◆ **TASK TO COMPLETE**
Nothing but an exact copy is asked for: the lines in the material below from the one with "7 Sovereign Drive, Meringandan West QLD 4352" through the one with "bebê recém nascido", pictures excluded.

[INPUT DATA]

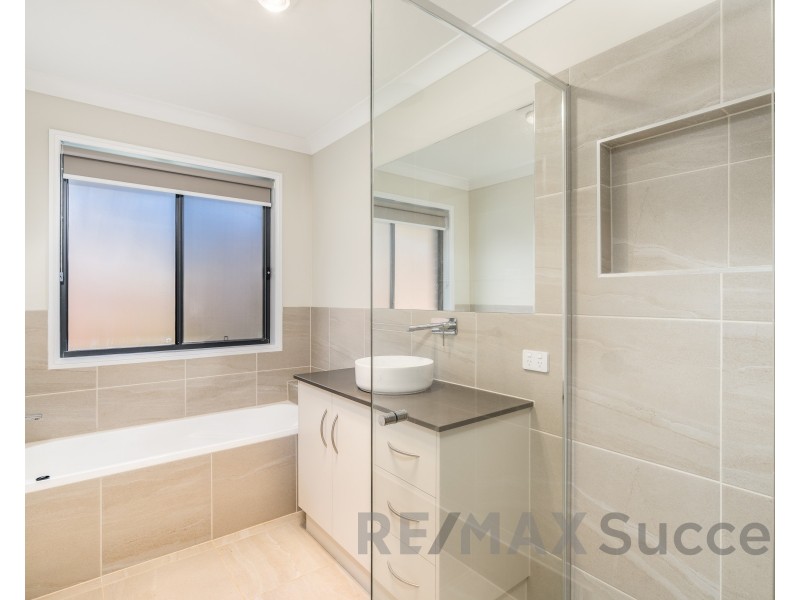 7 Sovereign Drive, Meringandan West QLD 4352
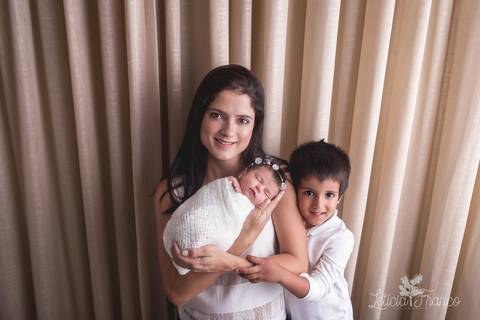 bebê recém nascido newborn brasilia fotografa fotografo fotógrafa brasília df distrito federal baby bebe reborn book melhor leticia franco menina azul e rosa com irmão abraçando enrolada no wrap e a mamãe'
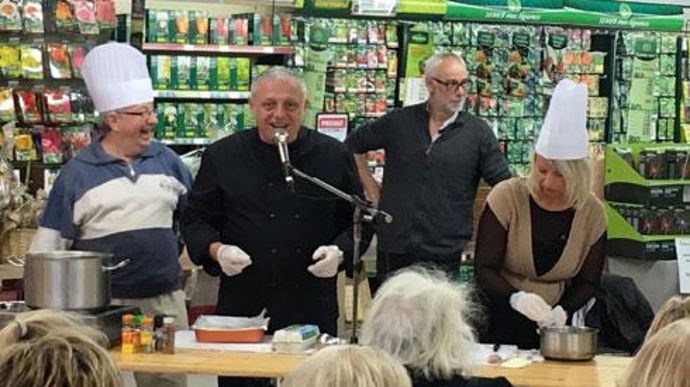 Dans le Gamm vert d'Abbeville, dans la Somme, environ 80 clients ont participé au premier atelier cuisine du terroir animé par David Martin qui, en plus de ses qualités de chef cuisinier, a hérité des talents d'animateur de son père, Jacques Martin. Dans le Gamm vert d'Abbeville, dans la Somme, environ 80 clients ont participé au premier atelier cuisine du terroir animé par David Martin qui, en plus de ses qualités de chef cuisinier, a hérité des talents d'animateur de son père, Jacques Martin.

[/INPUT DATA]
[INPUT DATA]

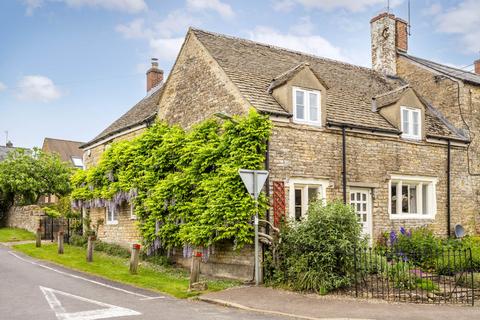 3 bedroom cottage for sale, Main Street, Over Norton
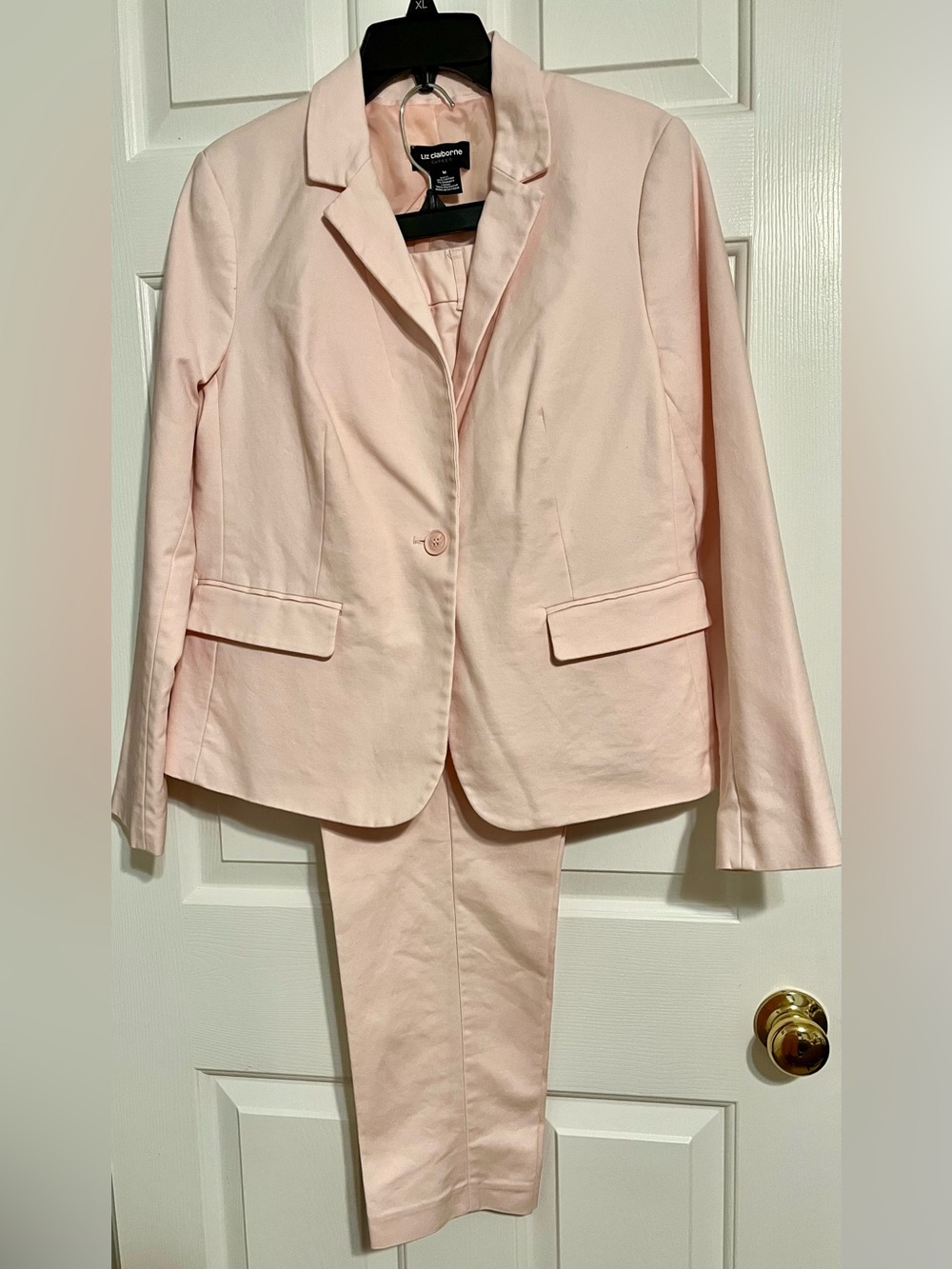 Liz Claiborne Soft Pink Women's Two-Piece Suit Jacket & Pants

[/INPUT DATA]
[INPUT DATA]

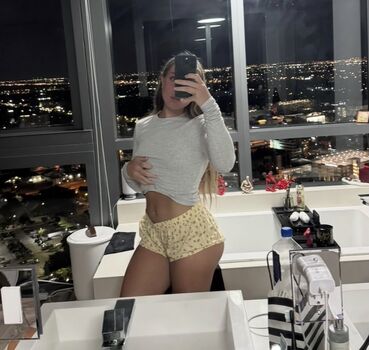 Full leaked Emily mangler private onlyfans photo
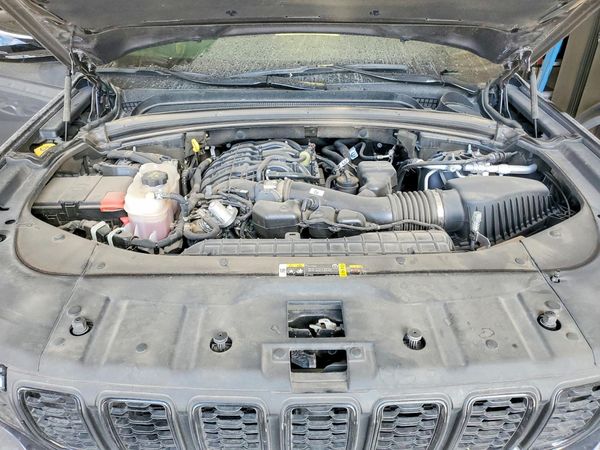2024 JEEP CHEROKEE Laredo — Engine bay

[/INPUT DATA]

◆ **RESPONSE FOR THIS EXERCISE**
 7 Sovereign Drive, Meringandan West QLD 4352
 bebê recém nascido newborn brasilia fotografa fotografo fotógrafa brasília df distrito federal baby bebe reborn book melhor leticia franco menina azul e rosa com irmão abraçando enrolada no wrap e a mamãe'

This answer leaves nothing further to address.